• Exercise instructions: Starting at the line below with "HPE ProLiant ML110" and stopping at the line with "Skoda - Octavia", please print each line exactly, those two included, and skip every picture.

• Data provided:
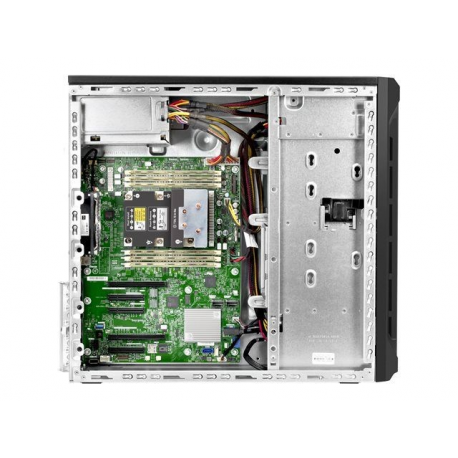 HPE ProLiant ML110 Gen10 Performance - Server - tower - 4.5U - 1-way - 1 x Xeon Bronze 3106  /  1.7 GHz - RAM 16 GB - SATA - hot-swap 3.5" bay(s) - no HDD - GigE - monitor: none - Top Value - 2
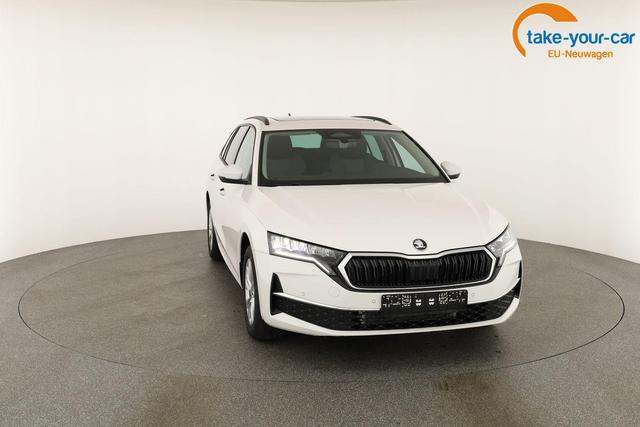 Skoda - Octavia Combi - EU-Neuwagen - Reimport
...
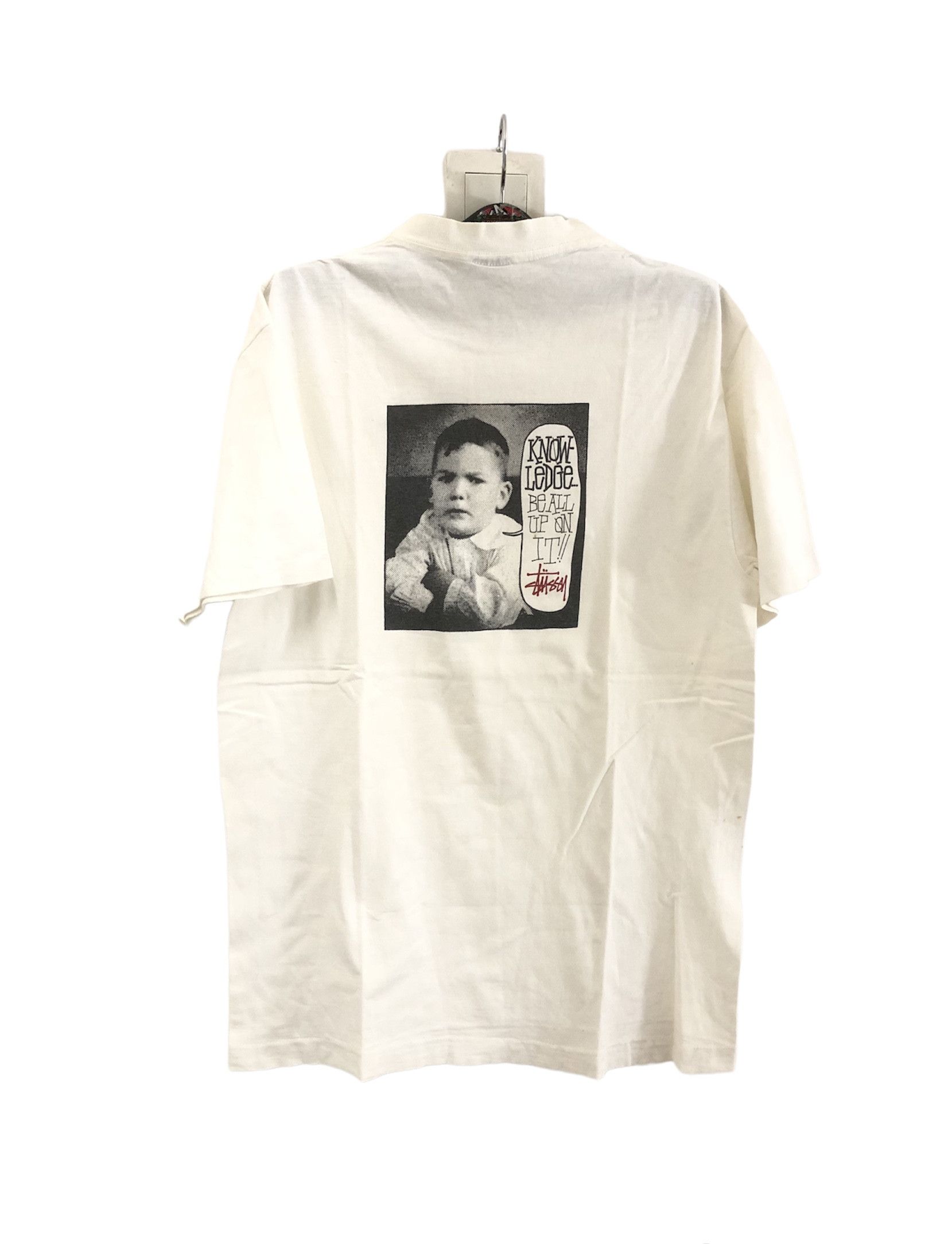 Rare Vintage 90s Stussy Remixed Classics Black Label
---
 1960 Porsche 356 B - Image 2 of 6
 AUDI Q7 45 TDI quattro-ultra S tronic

• Result of this exercise:
 HPE ProLiant ML110 Gen10 Performance - Server - tower - 4.5U - 1-way - 1 x Xeon Bronze 3106  /  1.7 GHz - RAM 16 GB - SATA - hot-swap 3.5" bay(s) - no HDD - GigE - monitor: none - Top Value - 2
 Skoda - Octavia Combi - EU-Neuwagen - Reimport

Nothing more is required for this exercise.